I'm really struggling to read my pdf files asynchronously. I tried using aiofiles which is open-source on GitHub. I want to extract the text from pdfs. I want to do it with pdfminer because pypdf is not rendering math (greek letters) or double letters (e.g. ff) properly for now.
The routine that works is:
from pdfminer.pdfinterp import PDFResourceManager, PDFPageInterpreter
from pdfminer.converter import TextConverter
from pdfminer.layout import LAParams
from pdfminer.pdfpage import PDFPage
from io import StringIO
with open(pdf_filename, 'rb') as file:
resource_manager = PDFResourceManager(caching=False)
# Create a string buffer object for text extraction
text_io = StringIO()
# Create a text converter object
text_converter = TextConverter(resource_manager, text_io, laparams=LAParams())
# Create a PDF page interpreter object
page_interpreter = PDFPageInterpreter(resource_manager, text_converter)
# Process each page in the PDF file
async for page in extract_pages(file):
page_interpreter.process_page(page)
text = text_io.getvalue()
but then if I replace with open(pdf_filename, 'rb') as file
by async with aiofiles.open(pdf_filename, 'rb') as file
, the line async for page in extract_pages(file)

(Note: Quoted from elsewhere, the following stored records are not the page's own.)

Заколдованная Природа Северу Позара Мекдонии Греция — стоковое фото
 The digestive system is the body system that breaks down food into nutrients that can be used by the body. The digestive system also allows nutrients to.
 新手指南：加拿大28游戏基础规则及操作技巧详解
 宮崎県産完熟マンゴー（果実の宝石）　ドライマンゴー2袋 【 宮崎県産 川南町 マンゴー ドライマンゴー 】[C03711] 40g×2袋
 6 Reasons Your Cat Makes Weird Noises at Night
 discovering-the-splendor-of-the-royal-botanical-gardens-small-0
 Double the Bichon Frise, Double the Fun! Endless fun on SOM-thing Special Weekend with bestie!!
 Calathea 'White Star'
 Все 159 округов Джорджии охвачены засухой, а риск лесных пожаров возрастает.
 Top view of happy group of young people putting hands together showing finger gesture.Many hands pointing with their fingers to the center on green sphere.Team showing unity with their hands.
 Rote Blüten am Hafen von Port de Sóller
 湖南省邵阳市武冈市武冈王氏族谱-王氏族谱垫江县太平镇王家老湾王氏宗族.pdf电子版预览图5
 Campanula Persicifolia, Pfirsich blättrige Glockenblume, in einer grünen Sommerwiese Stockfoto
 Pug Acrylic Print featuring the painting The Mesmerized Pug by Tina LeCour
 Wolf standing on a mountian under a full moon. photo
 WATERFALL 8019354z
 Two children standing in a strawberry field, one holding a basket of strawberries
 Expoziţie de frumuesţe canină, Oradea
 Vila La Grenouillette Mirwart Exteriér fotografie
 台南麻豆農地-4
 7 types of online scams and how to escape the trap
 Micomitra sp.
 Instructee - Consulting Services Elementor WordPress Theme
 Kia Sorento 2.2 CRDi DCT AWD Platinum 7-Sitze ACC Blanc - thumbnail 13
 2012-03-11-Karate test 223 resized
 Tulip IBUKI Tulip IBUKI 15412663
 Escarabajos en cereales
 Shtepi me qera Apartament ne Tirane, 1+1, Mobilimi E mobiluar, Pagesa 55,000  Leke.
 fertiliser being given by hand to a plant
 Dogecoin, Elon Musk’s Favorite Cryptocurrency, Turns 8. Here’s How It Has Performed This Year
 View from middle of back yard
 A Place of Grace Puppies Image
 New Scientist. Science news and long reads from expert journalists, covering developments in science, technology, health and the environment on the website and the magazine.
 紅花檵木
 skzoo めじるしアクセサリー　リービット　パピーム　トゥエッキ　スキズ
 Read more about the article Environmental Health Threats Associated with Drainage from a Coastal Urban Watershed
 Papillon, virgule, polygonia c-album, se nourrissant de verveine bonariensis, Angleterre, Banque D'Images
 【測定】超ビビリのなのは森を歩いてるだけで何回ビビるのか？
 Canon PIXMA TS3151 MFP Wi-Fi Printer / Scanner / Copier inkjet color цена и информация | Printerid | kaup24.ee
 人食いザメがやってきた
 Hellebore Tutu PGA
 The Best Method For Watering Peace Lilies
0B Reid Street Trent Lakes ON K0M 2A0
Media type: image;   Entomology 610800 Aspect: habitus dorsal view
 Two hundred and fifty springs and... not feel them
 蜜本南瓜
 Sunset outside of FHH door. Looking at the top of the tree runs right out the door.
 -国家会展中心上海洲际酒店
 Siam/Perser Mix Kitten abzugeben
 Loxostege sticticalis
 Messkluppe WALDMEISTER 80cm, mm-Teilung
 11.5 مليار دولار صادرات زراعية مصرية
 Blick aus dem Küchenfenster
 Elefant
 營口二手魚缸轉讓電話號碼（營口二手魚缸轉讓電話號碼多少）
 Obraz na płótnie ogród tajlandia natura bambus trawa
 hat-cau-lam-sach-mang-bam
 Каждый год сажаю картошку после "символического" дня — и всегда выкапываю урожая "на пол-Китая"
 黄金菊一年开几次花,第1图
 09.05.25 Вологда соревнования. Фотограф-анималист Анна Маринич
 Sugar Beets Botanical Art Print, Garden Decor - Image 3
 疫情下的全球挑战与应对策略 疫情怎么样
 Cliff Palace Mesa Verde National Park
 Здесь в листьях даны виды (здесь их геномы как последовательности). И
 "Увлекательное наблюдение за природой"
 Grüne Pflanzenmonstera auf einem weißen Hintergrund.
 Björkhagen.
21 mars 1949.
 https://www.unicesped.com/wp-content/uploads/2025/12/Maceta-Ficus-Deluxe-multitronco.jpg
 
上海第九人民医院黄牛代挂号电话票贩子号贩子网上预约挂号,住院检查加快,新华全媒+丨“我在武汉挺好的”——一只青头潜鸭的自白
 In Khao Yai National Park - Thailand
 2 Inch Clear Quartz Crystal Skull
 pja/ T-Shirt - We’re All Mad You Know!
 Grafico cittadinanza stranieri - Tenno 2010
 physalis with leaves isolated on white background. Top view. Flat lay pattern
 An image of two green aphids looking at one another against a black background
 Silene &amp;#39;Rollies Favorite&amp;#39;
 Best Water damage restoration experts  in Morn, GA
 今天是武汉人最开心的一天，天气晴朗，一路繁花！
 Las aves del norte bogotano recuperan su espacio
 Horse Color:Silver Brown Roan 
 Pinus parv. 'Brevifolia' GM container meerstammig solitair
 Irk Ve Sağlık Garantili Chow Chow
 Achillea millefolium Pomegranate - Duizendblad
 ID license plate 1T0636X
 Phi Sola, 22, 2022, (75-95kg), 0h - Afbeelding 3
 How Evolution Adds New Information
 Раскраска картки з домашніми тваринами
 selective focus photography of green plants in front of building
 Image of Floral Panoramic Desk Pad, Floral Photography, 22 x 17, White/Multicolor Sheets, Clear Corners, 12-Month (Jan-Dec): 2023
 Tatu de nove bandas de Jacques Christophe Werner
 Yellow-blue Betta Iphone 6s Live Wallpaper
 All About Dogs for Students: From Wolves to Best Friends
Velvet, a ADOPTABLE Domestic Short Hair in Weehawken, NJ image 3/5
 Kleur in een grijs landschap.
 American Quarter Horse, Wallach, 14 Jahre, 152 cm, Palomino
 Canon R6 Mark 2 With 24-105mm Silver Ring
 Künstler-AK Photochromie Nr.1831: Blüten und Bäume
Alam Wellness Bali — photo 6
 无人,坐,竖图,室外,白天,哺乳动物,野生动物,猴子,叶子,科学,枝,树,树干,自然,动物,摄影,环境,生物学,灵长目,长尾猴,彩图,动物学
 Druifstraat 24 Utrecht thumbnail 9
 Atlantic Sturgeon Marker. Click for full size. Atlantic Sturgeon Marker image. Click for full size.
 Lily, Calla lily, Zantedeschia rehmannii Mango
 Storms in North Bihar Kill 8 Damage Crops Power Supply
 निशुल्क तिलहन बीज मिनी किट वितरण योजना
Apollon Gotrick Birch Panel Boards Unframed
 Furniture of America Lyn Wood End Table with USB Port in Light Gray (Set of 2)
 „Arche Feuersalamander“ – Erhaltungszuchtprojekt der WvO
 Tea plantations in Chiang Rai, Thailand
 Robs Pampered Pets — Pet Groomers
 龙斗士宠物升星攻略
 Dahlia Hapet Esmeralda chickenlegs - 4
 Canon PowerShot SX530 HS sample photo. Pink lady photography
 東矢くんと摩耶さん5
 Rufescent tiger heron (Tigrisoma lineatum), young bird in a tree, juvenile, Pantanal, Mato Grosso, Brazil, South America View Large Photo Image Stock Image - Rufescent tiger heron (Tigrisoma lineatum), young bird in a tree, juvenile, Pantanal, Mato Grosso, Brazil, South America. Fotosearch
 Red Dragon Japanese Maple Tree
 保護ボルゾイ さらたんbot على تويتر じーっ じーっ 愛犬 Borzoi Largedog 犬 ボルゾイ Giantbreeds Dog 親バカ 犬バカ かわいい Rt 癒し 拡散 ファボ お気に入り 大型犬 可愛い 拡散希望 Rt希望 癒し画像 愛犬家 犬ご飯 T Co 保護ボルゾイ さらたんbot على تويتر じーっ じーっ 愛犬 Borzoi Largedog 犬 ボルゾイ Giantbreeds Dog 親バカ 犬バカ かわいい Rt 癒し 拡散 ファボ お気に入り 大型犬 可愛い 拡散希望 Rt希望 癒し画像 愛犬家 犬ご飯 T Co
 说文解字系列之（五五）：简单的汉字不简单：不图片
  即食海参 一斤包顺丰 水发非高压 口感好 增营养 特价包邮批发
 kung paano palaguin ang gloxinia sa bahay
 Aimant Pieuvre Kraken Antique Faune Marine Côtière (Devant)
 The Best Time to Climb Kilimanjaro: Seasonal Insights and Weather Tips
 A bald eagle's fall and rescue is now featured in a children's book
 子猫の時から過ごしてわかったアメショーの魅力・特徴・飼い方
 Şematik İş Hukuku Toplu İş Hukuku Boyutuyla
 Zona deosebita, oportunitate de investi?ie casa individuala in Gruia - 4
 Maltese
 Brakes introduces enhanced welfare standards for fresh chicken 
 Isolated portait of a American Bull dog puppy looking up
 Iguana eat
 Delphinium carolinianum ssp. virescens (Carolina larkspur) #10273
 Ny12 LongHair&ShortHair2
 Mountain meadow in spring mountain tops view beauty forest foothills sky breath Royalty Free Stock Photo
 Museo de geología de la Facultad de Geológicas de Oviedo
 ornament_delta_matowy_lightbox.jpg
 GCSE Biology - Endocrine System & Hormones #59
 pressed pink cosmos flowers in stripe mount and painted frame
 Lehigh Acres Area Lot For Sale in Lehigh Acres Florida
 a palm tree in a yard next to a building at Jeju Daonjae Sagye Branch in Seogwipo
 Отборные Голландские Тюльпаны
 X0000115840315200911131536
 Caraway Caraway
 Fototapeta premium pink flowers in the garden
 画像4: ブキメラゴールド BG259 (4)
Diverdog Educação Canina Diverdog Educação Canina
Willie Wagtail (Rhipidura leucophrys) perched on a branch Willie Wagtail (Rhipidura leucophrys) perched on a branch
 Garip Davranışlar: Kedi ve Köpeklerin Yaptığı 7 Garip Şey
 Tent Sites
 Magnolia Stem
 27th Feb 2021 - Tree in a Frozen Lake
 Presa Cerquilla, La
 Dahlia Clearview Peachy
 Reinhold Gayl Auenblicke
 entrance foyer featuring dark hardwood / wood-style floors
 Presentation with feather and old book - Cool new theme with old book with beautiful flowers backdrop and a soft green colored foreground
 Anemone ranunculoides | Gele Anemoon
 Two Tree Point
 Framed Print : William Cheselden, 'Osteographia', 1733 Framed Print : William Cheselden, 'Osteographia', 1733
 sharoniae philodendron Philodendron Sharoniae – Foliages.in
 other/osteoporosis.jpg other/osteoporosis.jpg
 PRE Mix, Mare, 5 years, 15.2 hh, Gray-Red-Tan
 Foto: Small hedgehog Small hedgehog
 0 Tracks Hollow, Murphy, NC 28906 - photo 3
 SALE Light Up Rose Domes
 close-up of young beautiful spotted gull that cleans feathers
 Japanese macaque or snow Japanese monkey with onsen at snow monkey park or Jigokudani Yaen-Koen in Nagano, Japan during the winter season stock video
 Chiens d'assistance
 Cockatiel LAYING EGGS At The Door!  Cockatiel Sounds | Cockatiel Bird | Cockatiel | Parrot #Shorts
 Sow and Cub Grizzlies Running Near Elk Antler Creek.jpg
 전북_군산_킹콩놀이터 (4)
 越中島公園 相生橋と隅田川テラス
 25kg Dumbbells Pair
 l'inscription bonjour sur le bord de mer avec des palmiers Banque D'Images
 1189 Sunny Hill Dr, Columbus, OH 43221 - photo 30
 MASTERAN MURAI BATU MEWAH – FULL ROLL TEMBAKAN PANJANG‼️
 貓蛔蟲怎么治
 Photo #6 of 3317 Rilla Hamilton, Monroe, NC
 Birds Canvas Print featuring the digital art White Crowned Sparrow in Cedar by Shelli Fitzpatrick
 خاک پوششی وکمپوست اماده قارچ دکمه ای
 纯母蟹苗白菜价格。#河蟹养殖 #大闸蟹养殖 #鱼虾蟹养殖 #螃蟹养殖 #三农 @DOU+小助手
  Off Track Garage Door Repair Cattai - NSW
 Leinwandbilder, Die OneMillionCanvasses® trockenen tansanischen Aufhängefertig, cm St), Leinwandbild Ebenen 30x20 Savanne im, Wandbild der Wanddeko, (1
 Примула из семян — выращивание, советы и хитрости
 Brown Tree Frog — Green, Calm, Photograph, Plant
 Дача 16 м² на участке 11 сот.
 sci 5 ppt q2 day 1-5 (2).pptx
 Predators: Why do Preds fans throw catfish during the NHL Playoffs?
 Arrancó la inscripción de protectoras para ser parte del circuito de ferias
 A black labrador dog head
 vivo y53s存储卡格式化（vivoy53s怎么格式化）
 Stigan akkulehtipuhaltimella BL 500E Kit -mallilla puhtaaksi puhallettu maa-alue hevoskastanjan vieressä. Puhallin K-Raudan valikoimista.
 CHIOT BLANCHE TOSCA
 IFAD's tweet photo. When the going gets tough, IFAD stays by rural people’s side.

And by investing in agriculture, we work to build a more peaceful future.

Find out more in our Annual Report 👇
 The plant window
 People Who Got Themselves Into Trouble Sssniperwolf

is not happy and I get this error:
async for page in extract_pages(file): TypeError: 'async for' requires an object with aiter method, got generator
So how do I get the file returned by aiofiles to be like a normal file with aiter?
And I use that to replace the original extract_pages function to try to make it work asynchronously:
async def extract_pages(file):
with file:
for page in PDFPage.get_pages(file, caching=False):
yield page
Many thanks if you can help me how to read a pdf file asynchronously in python with pdfminer or something equivalent that can read math.